Zweig’ın Günlükler’inde, yıllarla birlikte, üzerinde durduğu konular da değişmektedir. İlk defterlerde, küçük olaylar, gece eğlenceleri, tiyatrolar, çapkınlıklar, dostlarla buluşmalar, edebiyat çalışmaları bolca yer alırken, daha sonra bu gibi konular bu kadar ayrıntılı olarak not edilmez. “Gençlik yıllarımın en güzel çalışması, dönemin en yaratıcı kişileriyle kurduğum ilişkiler ve dostluklardır,” der Zweig. Ne var ki bu, kendisinin de dile getirdiği gibi, gerçek değerleri ona göstermesi yanında, verimliliğini tuhaf bir biçimde etkilemiş, onu çekingenleştirmişti. Gerçekten de kalıcı yapıtlarını otuz – otuz iki yaşından sonra ortaya koymuş, yazarlık yaşamının ilk yıllarında öne çıkmamayı yeğlemiştir. Erotizme ve cinselliğe düşkün bir yazardı Zweig; ilk Günlükler’inde bu düşkünlüğü ve kadınlarla olan ufak serüvenleri bolca yer tutar. Zweig geleceği olmayan ilişkilerden hoşlanıyordu; sokak kadınları, fahişeler, terzilerle günübirlik aşklar yaşıyordu. Zweig’ın çift kişilikli diyebileceğimiz bir özelliği vardı. Bir yandan iyi yetişmiş, bakımlı, nazik, saçının bir teli bile uçuşmayan bir Viyanalı centilmen, öte yandan da bu ağırbaşlı görünümün altında geceleri sokakları arşınlayan şehvet düşkünü bir erkek. Bu ikicilik, temelde, bütün yaşamına hükmeder yazarın. Birinci Dünya Savaşı sırasında tuttuğu notlarda, yazarın içinde yaşadığı döneme ilişkin duygularında da tutarsızlıklar görüyoruz; öyle ki bir gün Almanları yererken, yaptıklarını dehşetle karşılarken, birkaç gün sonra Almanların başarılı bir saldırısını kahramanlık olarak nitelendirebiliyor; bu da Zweig’ın yaşadığı günlerin siyasal değil, duygusal bir tanığı olduğunu gösteriyor. Örneğin savaş arşivinde gönüllü olarak çalışıyor, işini kusursuzca yapıyor, ordusunun zaferlerine sevinip yenilgisine yeriniyor, ama asla fanatik olmuyor, hep barışı sayıklıyordu. Zweig, yirmili yaşlarından başlayarak yaşamı boyunca hep barışçı ve hümanist olmuş, nasyonalizmin her türünü nefretle kınamıştır, siyonizmi de. Ancak ne militan oldu, ne de eylemci. Buysa siyasal tavırları konusunda bazı yanlış anlamalara yol açtı.

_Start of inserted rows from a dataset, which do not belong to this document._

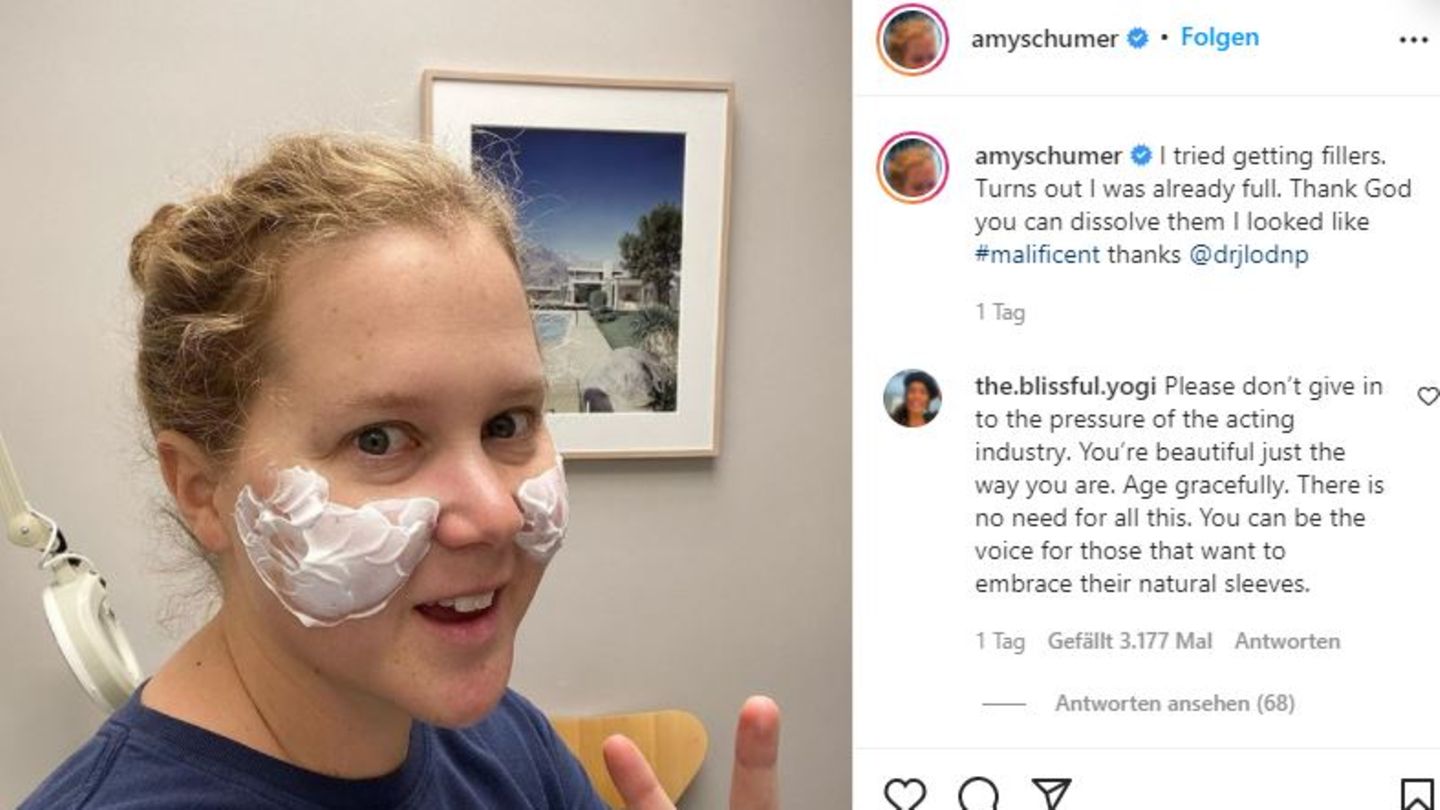 Amy Schumer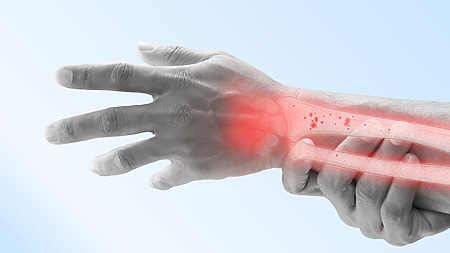 Osteoporosis - a common cause of fractures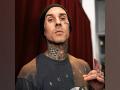 Travis Barker undergoes hand surgery - Hindi News | Travis Barker undergoes hand surgery | Latest entertainment News at Lokmattimes.com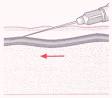intravenous injection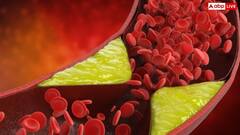 कोलेस्ट्रॉल कंट्रोल करने का नेचुरल तरीका, ये 6 बीज जरूर खाएं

Stefan Zweig, uzun bir aradan sonra, 1912 yılının Eylül’ ünde yeniden Günlüklerini tutmaya başladığında, şöyle yazmıştı: “Nedeni şu: – Eski günlüklerimden birini okurken, birden belleğimin ne kadar donuklaştığını, tehlikeli, hastalıklı derecede donuklaştığını hissettim.” Bundan yaklaşık otuz yıl sonra, özyaşamöyküsü olarak kaleme aldığı Dünün Dünyası1 adlı yapıtının giriş bölümünde, yine aynı konuda şöyle demişti: “Hafızamız bazı anıları rastlantısal olarak kaydederken, bazı anıları da raslantısal olarak kaybeden bir şey değildir, tam tersine onları bilinçli bir şekilde düzenleyen ve bilgece ayıklayan bir güce sahiptir.” Bu iki tarih arasında, varlığının içsel ağırlığının bilincinde olan bir insanın zor günlerde geçen hayatı uzanıyor. Stefan Zweig, hayatına kendi eliyle son verdiği Brezil-ya da, Rio de Janeiro yakınındaki Petropolis kentinde anılarını kaleme alırken, Günlükleri yanında değildi; onları Petropolis’e gelmeden önce yaşadığı İngiltere’de, Bath’ta bırakmıştı. Hastalıklı bir hal alan melankolisinden kaynaklanan tevekkülü içinde söylediği şuydu: “İnsanın kendi hayatında unuttuğu her şey, içinden gelen bir güdüyle zaten çoktan unutulmaya mahkûm edilmiş olanlardır.” Ama arkasından şunu ekliyor: “Başkaları için saklanabilecek şeyler ancak benim de saklamak istediklerimdir.”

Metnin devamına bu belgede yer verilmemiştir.